I’ve always liked to dance, but for most of my life I thought I was bad at it. Back in high school, I’d look forward to dances in the cafeteria, where I enthusiastically but awkwardly shuffled around to all that great 90s music. Many years later, after I’d finished college and was living in the East Bay, some friends invited me out to a salsa night. I was intimidated by the sharply dressed crowd and their intricate, flashy moves. I couldn't imagine myself ever dancing like that.
In the Fall of 2012, I became a graduate student and I developed what seemed to be a finely tuned, disciplined routine: study, swim, eat, study, eat, sleep. I was in great shape and was doing well in school, but my life felt incomplete. Occasionally I went out with classmates and I would get drunk and obnoxious and I’d impersonate our financial accounting professor. The next day I’d wake up feeling groggy and guilty for having spent so much money on booze and the greasy food that such booze demands. I needed an activity that was creative and fun and social.

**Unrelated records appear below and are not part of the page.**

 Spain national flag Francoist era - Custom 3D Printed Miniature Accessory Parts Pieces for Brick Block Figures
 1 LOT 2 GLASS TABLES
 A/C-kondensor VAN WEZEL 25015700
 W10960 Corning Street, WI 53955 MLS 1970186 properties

After fall quarter finals, I had some time in Davis to explore. The student apartment where I lived was across the street from a Grad, a bar and dance venue, and I began wandering over there in the evenings, curious about dancing. I went to country night, but the line dancing seemed too prescribed and rigid and I didn’t like the music. Then I went salsa night to meet some friends. I’d been listening all kinds of Latin genres for years, including reggaeton, cumbia and bachata, so the music was familiar to me. At the Grad, there were dancers of all skill levels, and I was really taken by the Cuban style salsa dancing I saw there for the first time. Not everyone was dressed up fancy, but everyone had a big grin. It looked like so much fun, and so I decided I wanted to learn how to dance after that night.

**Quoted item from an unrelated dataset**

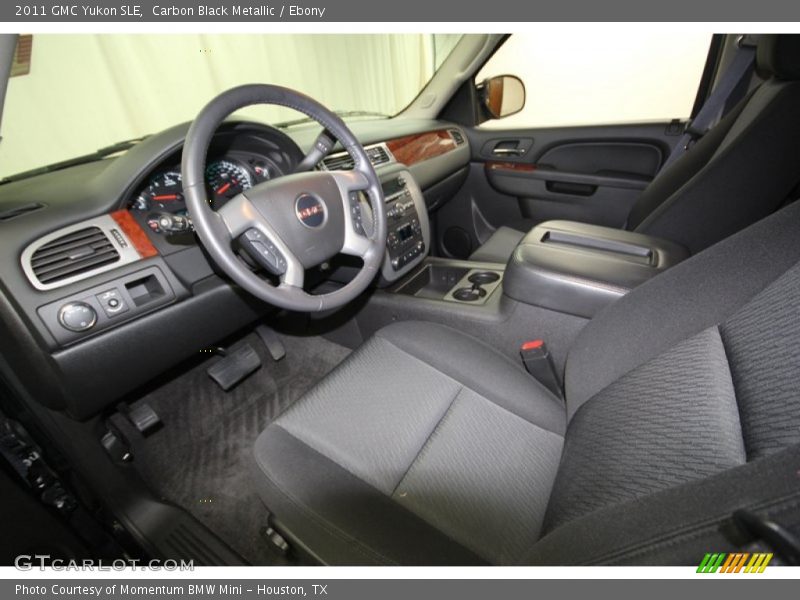 Carbon Black Metallic / Ebony 2011 GMC Yukon SLE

At that time in my life I was more confident than ever and so I wasn’t afraid of trying something new. During my previous year working on a farm, I drove unwieldly tractors and worked insane hours in triple digit heat irrigating rice fields(see Lessons from Rice Farming). If I could survive that, I could endure the embarrassing and awkward moments that were sure to come as a beginning dancer. Furthermore, one day at lunch, my farm coworkers and I were discussing the challenges of meeting women. “Vete a la Tropi”, one older guy advised, referring to a banda club in Sacramento. I couldn’t really imagine myself walking into the Tropicana with a cowboy hat and boots and dancing banda, but the idea of dance as a way to socialize stuck with me.

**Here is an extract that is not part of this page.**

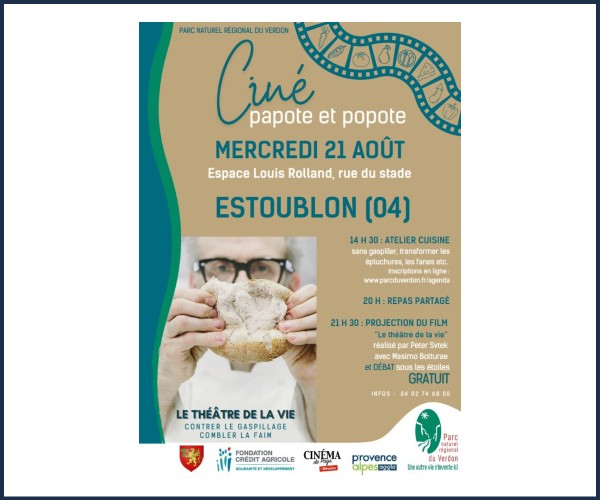 Estoublon. Ciné Papote et Popote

I jumped right into Latin dance once the new quarter began, taking all the lessons and workshops I could find. Being a beginner was challenging, but rewarding and fun. After a few weeks, once I learned the basic steps, I started going to Tuesday Salsa Night at the Grad regularly. I remember asking myself once while dancing merengue with a friend: am I allowed to be having this good of a time? The persistent guilt I’d long felt seemed to melt away on the packed, sweaty dance floor.
I would not have made it through graduate school without salsa night at the Grad. Dancing helped me release stress and feel energized and alive after spending all day puzzling over amortization schedules and consolidation worksheets. It fit smoothly into my graduate school life: I didn’t have morning classes so staying up late on a Tuesday night wasn’t a big deal. I would study to the music of Sonora Caruselles or Xtreme and when I needed to get pumped up for a tax exam, I would listen to “Yo Quiero”, that Pitbull merengue song that DJ Migz liked to play. Despite the increasing amount of time I spent dancing, I stayed focused, succeeded in my classes and secured a job.
After I graduated and started working at the state auditor’s office, I kept dancing. Dance had become a religion, and the Grad was my temple. I went there every Tuesday (though I didn’t stay until the end like I used to) and then to Salsa Loca on Wednesdays, Station on Thursdays and whatever classes, workshops and other events were going on Friday, Saturday and sometimes Sunday. Monday was off, until I started hip hop class that night a few months later. I danced so much because I relished the chance to escape my life as an accountant and enter a world that was nearly the opposite: sensual, spontaneous, rebellious.
Dancing has been a powerful experience that has transported me to different worlds. To dance well and connect with a partner requires vulnerability, which builds strong bonds between dancers. Often when I’m dancing I am no longer worrying and thinking, I lose track of time and begin to exist only in tune with my partner and the music. Dance allows me to leave behind the way I’d always seen myself—serious, intellectual, aloof—and be someone who is more lighthearted, spontaneous and free.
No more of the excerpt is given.